Currently, word embeddings methods have been broadly used in many NLP tasks, such as question answering [33] and sentiment analysis tasks [34]. In this paper, we use Word2vec [35] trained by Sougou (http://www.sogou.com/labs/). The metrics that were used Accuracy, Recall and F1. The comparison results are shown in Table 5.

The average accuracy, recall and F1 for different sentiment analysis methods are shown in Table 4. We can see that the accuracy of our model reaches 92.65%, recall reach 92.57% and F1 reaches 92.57%. Our model obtains the best performance across all methods. It is approximately 2.14%–3% better than the other methods in accuracy. For F1, the maximum of the other methods is 90.45%, which is lower than in our model.

Table 4 Experimental results of our method and other methods

This indeed shows that our model has made significant improvements. The main reason is that our model uses the BERT pre-training model, which considers more semantic information. This verifies that our model has powerful generalization ability and can be widely used in the task of sentiment classification in different fields.

4.6 Ablation study

In this section, we investigate the behaviors and effects of BERT on our model performance. Our model is consists of BERT and classifier layer. We implement a simple classifier by embedding Word2Vec. This model averages the vector of each sentence; and then feeds it to the fully connected layer for classification. The results listed in Table 5. From the table, we can see that BERT can greatly improve the results of sentiment analysis on Chinese stock reviews. The classifier layer does not have much effect on the performance of the model. This indicates that the contribution of our model is mainly dependent on BERT.

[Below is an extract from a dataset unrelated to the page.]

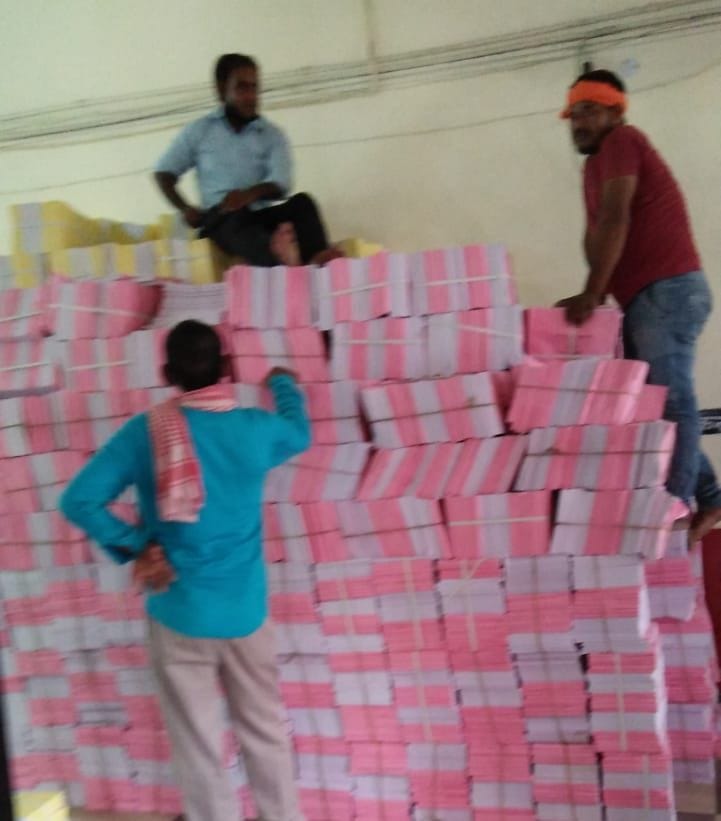 Panchayat elections: Preparations for voter list revision started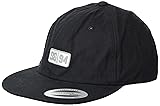 DC Men's SEVERS Crusher Snapback Trucker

Table 5 Results of ablation studies of our model

4.7 Discussion

In this paper, we propose a new model based on BERT for sentiment analysis of Chinese stock reviews. We conducted several experiments on the Chinese stock review dataset. The experimental results indicate that the BERT+FC model achieved fine classification results in the sentiment analysis of Chinese stock review texts, and is more accurate than TextCNN and TextRNN. This shows that our model can be used as a sentiment classification algorithm for Chinese stock review text.

The proposed model outperforms TextCNN, TextRNN, Att-BLSTM and TextCRNN when performing sentiment analysis of Chinese stock review text. Our main idea was to improve the accuracy of Chinese stock review sentiment analysis. Our model performs better than traditional methods is bacause we mainly rely on the BERT language model’s finetuning, which can allow us to achieve the best performance on the Chinese stock review.

5 Conclusion

With advances in Internet technology, investors can easily post relevant tweets. Mining these comments has important value for financial markets. However, the number of labeled dataset is very small, and the accuracy of existing sentiment analysis of Chinese stock reviews needs to be further improved. In this paper, a novel sentiment analysis method of Chinese stock reviews based on BERT was proposed and applied to a sentiment analysis task. The idea of this paper was to rely on pre-training a BERT to obtain state-of-art results. The BERT pre-training language model performed representation, and then used several classifier layers for sentiment analysis. We experimented on Chinese stock reviews and found that the BERT+FC method can obtain outstanding performance.

This paper innovatively applied the BERT model to the field of sentiment classification in stock reviews and eliminated the dependence on the emotion dictionary in the professional field, overcame the difficulty of manually extracting features, and improved the accuracy of sentiment classification. However, there were still some defects. The dataset was small, and the conclusion was not verified on the larger dataset. In subsequent research, we should make further improvements to the BERT model, and expand the sample size to carry out further experiments.